The U.S. Department of Labor says Iowa’s child labor bill may violate federal law.
The bill would allow minors to work more hours a day and allow them to work later. Under current Iowa law, children under 16 must stop working at 7 p.m. If the bill is signed into law, children under 16 would be able to work until 9 p.m. during the school year and 11 p.m. in the summer. The bill would also allow minors to work six hours on a school day.
On March 14, Iowa Senate Democrats sent a letter to the U.S. Department of Labor, requesting a review of the provisions.
On May 10, the Department of Labor responded in a letter, stating, in part, “the proposed Iowa legislation appears to be inconsistent with federal child labor law in several respects.”

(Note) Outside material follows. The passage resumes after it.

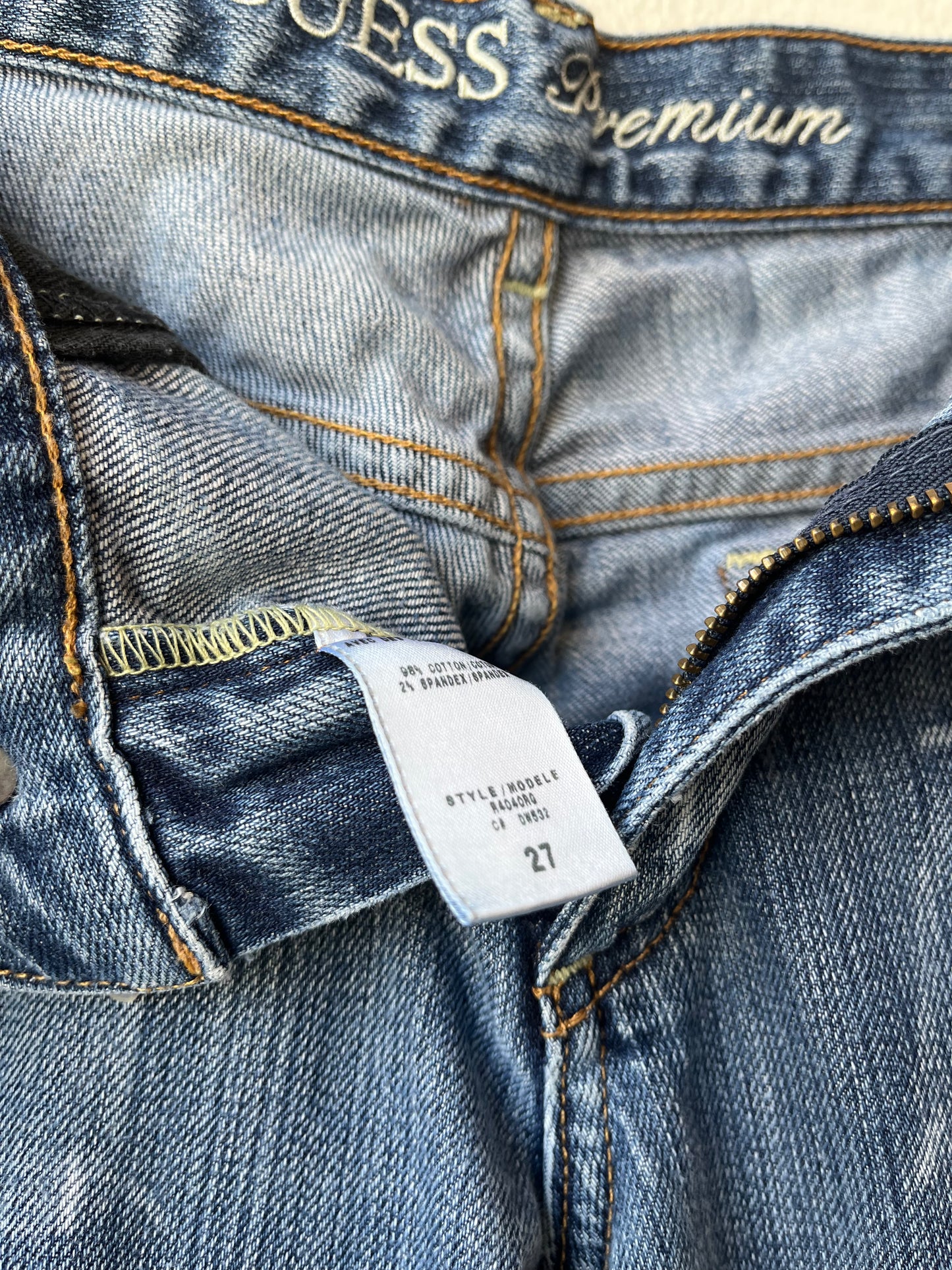 Y2K Guess Low Rise Jeans 28"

The letter also states that the Department of Labor is conducting child labor investigations in Iowa.
The Department of Labor found the following areas of conflict:
- Iowa’s bill would allow 14- and 15-year-olds to “perform light assembly work,” which is not “specifically permitted” in federal law.
- Iowa’s bill would allow 14- and 15-year-olds to “perform non-incidental work in meat freezers,” which is “explicitly prohibited” by federal law.

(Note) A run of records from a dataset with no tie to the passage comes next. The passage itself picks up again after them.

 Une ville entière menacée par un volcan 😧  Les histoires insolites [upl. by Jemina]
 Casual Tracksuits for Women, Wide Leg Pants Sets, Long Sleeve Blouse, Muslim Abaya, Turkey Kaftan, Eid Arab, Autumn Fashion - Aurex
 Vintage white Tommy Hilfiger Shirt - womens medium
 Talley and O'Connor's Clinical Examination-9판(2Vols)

- Iowa’s bill would allow 14- and 15-year-olds to work both longer hours later into the day, which is in violation of federal law. Under federal law, 14- and 15-year-olds can only work between 7 a.m. and 7 p.m. during the school year. They may only work from 7 a.m. to 9 p.m. during the summer. They may not work over three hours on a school day.

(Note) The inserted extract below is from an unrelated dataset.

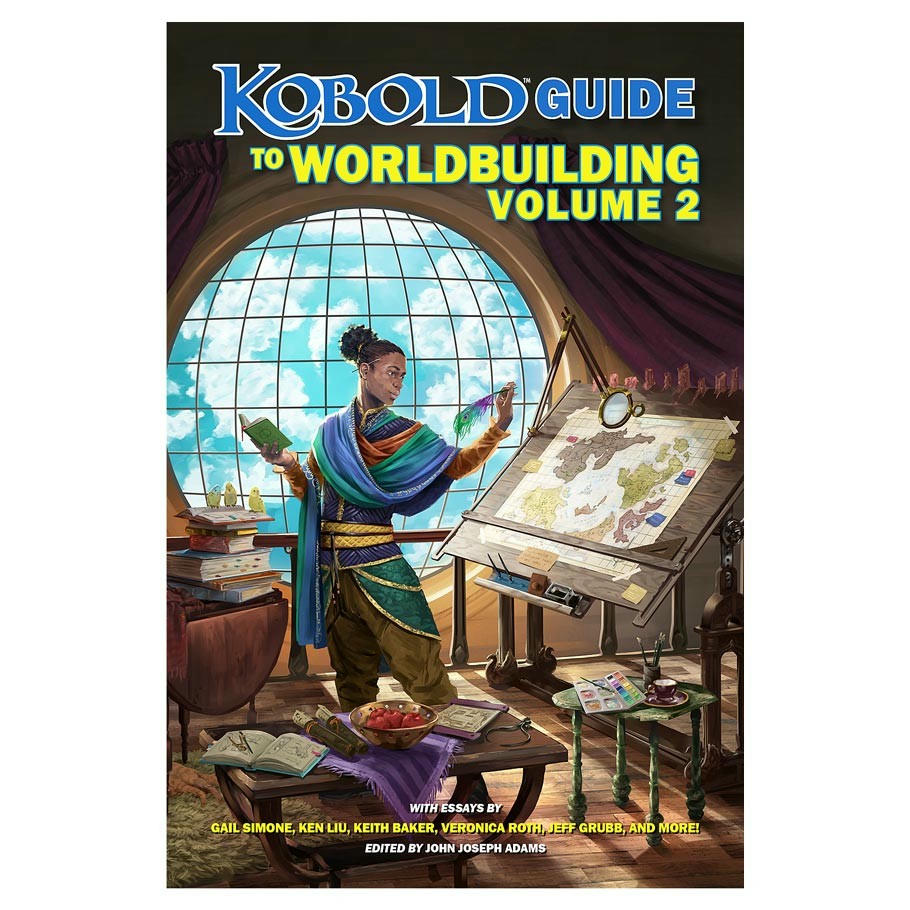 Image of Kobold's Guide to Worldbuilding (Volume 2) PZOKOB9283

“This letter confirms what we’ve argued since this debate began: in the rush to expand child labor in Iowa, Republican legislators will be inviting businesses to break federal law,” Democratic state Sen. Nate Boulton, of Des Moines, said in a news release. “Protections against unsafe and exploitative child labor are there for a reason, and failed measures to address Iowa’s workforce crisis is no excuse to undermine those safeguards.”